Although in many ways, rather than any of these others, what we have feels closer to the thriller The Call (2013) in which Halle Berry plays a 911 call operator trying to help an abducted Abigail Breslin. The set-up is a uniquely original one. The idea of the nearly blind girl (Midori Francis) having to find her way through the woods, while being pursued by someone who means her harm and having to rely on a total stranger (Jolene Purdy) to navigate for her via the phone’s camera app, is positively ingenious.

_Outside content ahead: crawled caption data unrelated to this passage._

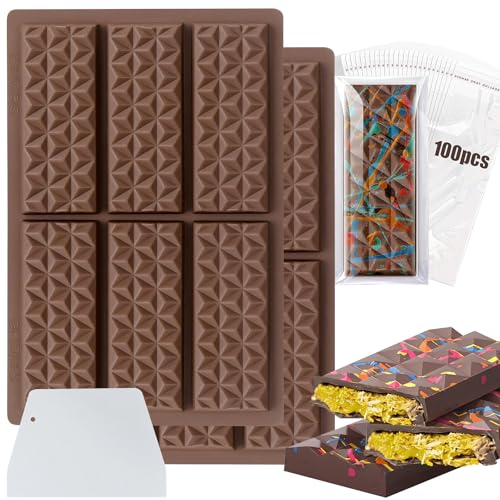 Schokoladenform Silikon, 2 Stück Silikonform Schokolade mit Schaber und 100 Verpackungsbeutel, Silikon Schokoladenform Tief, Schokoladen Silikonform für DIY Schokolade Praline Süßigkeiten (C)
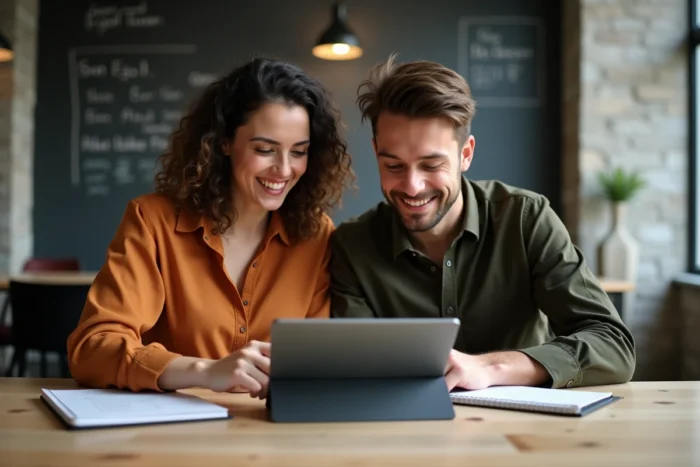 Deux collègues comparant des solutions de plateformes numériques sur une tablette dans un espace de coworking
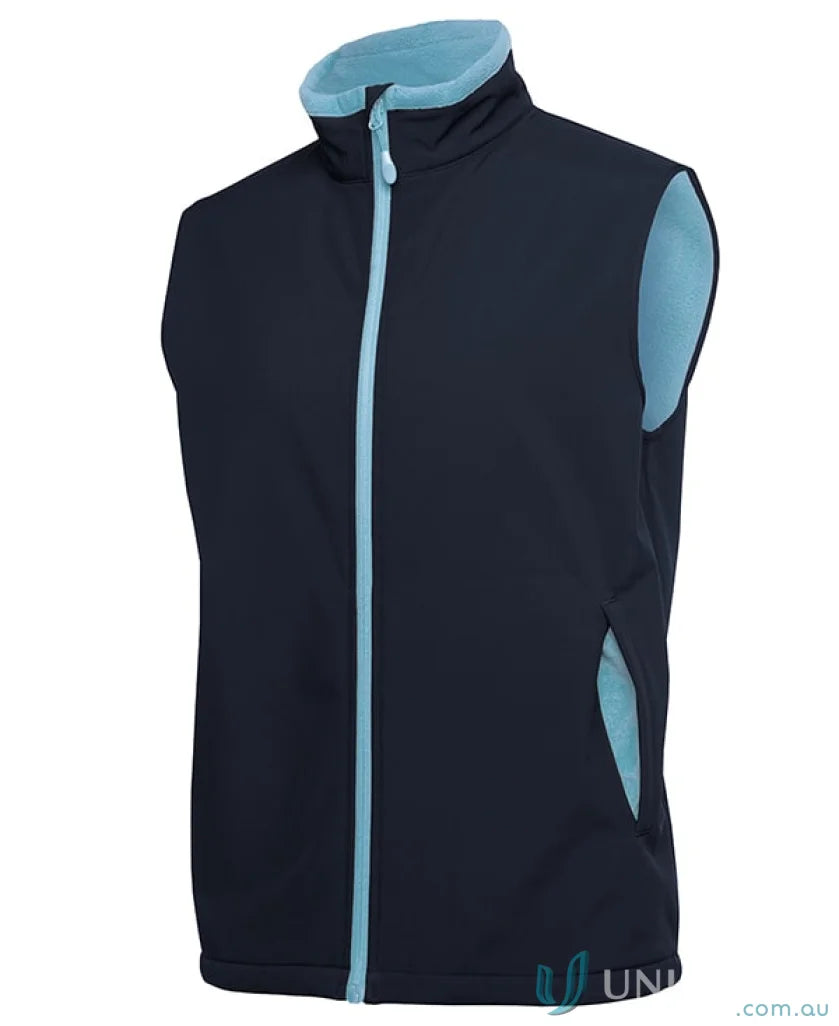 Dark blue JB’s Water Resistant Softshell Vest with light blue trim and zipper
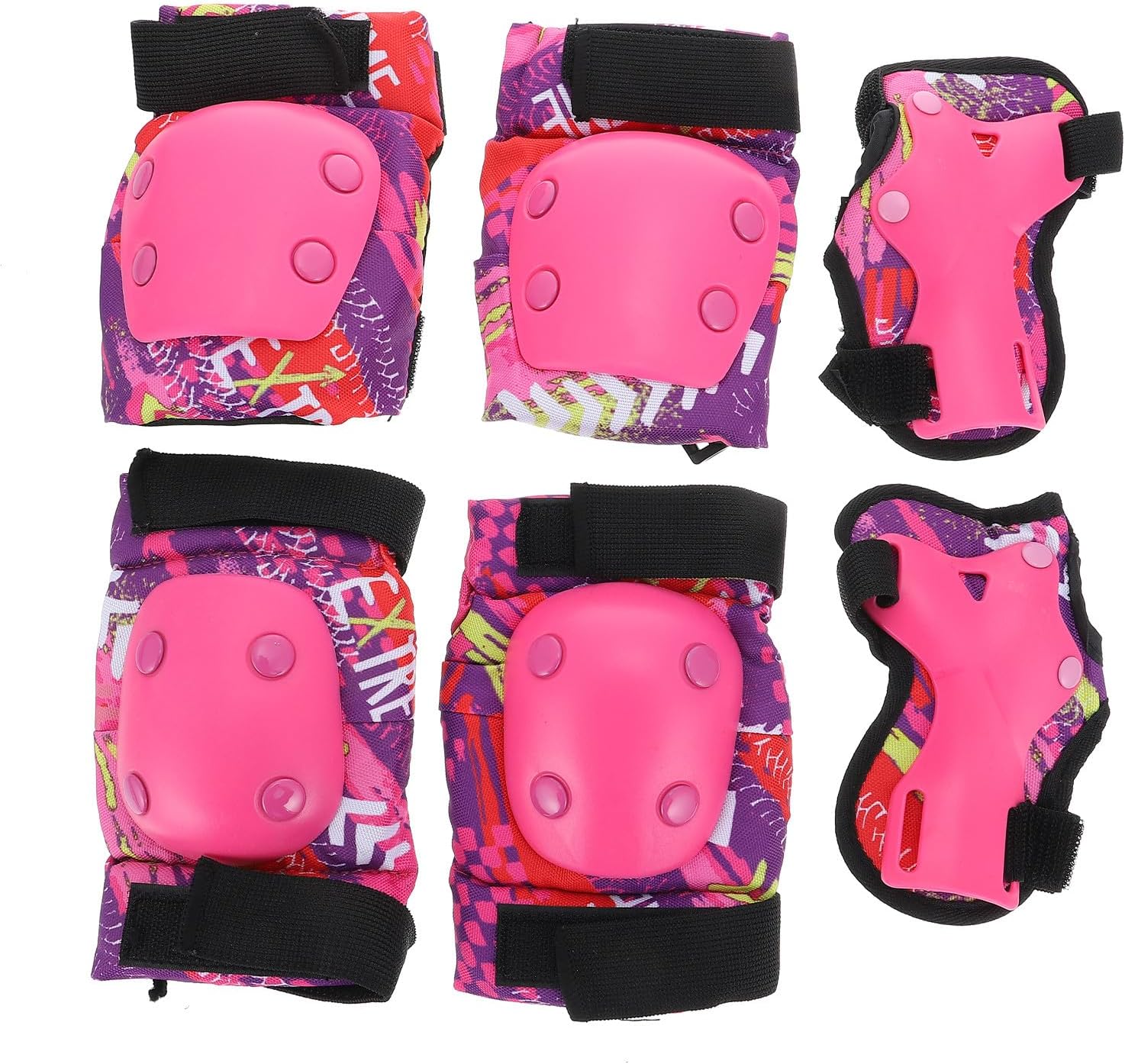 Luxshiny Thickened Knee and Elbow Pads Set Pink S for Ages 3-7 Protective Sports Gear for Roller Skating Cycling and Skateboarding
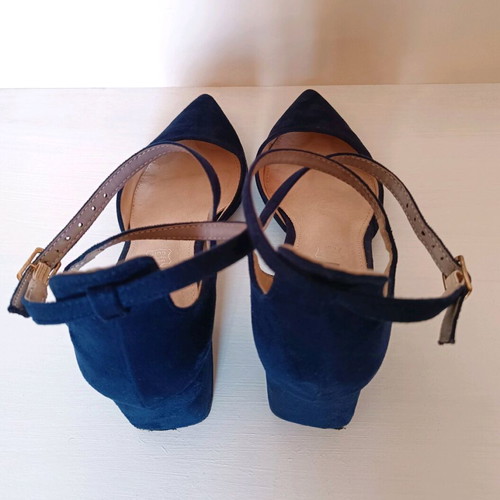 Arte Piedi suede blue pointed pumps with low block heel like new, size 37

A near-blind Midori Francis searches for her glassesJolene Purdy answers a call for help
Unseen is filled with great tension. It keeps you on a seat edge the entire way and comes with fantastic twists that compound the situation every few minutes – Midori’s fall down the side of the river bank as Michael Patrick Lane comes hunting up above; Midori’s decision to get into the car and try and run Lane down despite not being able to see what she is doing; Jolene Purdy dealing with an exploding slushy and a cut hand; Jolene finding the phone is running out of power just as she breaks the recharger cable; her decision to steal Missi Pyle’s phone, followed by Missi bursting into the convenience store with a gun to get it back; Midori’s decision to throw herself off the cliff into the river.
This does require slightly improbable set-ups at times, like the phone falling so that Jolene conveniently gets a view of both Midori hiding at the bottom and Michael Patrick Lane searching for her up the top of the river bank. Or where Missi Pyle and her husband (Brett Baker) burst into the convenience store with semi-automatic weapons to get her phone back from Jolene. It may say something about how crazed American (or at least Florida’s) gun laws are that when the police arrive at the scene they seem unconcerned about the couple trying to shoot an unarmed convenience store clerk with military-grade guns and only about the fact that Jolene has stolen Missi’s phone.
The two actresses, Midori Francis and Jolene Purdy, create a great rapport despite neither of them physically interacting through the entire film (at least until the end credits). Both characters have backgrounds tinged with sadness, none the more so than the final throwaway shot of the film. Both Midori and Jolene give performances that show them to be full of potential that is well worth keeping an eye on. Missi Pyle also gives an entertainingly over-the-top performance as an awful woman of moneyed privilege and entitlement.
Unseen was a feature-length directorial debut for Yoko Okumura, an expatriate Japanese director who now lives in the US and had worked in music video and made several short films.